California cities are rapidly shifting from at-large to district-based city council election systems, according to a report released by CMC’s Rose Institute of State and Local Government.
The report, Mapping the Revolution in California City Council Election Systems, shows how this shift has been driven by the California Voting Rights Act of 2002 (CVRA), which was designed to empower Latinos and other minority groups to challenge at-large election systems that may dilute their voting strength.
Prior to adoption of the CVRA, only 29 cities in California (6.0%) used district-based elections; now 216 of the state’s 483 incorporated cities (44.7%) do.
The CVRA has sparked legal challenges that have prompted cities to adopt district-based election systems. Some cities have been forced to make the change after losing lawsuits, while many others have preemptively switched to avoid litigation. Notably, no city has ever won a CVRA lawsuit.

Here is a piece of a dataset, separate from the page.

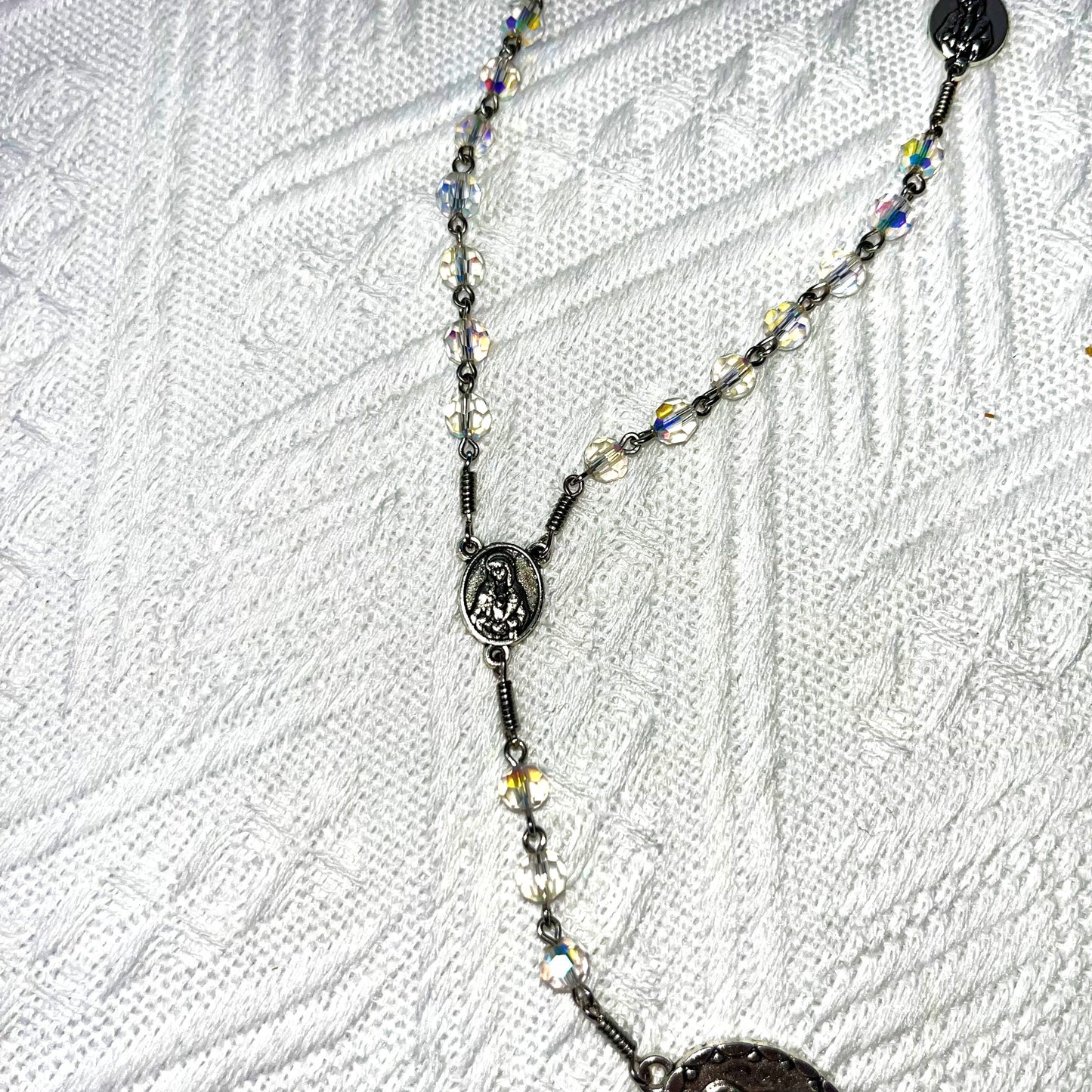 Sparkling Crystal Rosary with Our Lady of Guadalupe Medal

This trend toward district-based elections has accelerated, with the number of California cities adopting district elections nearly quadrupling between 2016 and 2024.
“It took some time for the CVRA to kick in, but it has now fundamentally changed local elections in California as nearly half the cities in the state have adopted district-based systems,” said Professor Ken Miller, Rose Institute Director.
The report explores the geographic and demographic patterns of this shift, revealing that larger cities are more likely to adopt district-based systems. For instance, 90.9% of very large cities (population over 200,000) and 75.0% of large cities (population 75,001-200,000) now use district-based elections. In contrast, smaller cities have been slower to make the transition, with only 22.6% of cities with populations under 35,000 adopting the system.
The report does not evaluate the impact of district-based elections on governance or political representation but provides a detailed, data-driven look at the pace and distribution of these electoral changes.
The report was co-authored by Rose Institute students Pieter van Wingerden ’24 and Aria Fafat ’27, with research support from Nikhil Agarwal ’24, George Ashford ’25, Audrey Donahue ’25, Andrew Cheung ’28, Olivia Frakt SCR ’27, and Keith Maben ’28.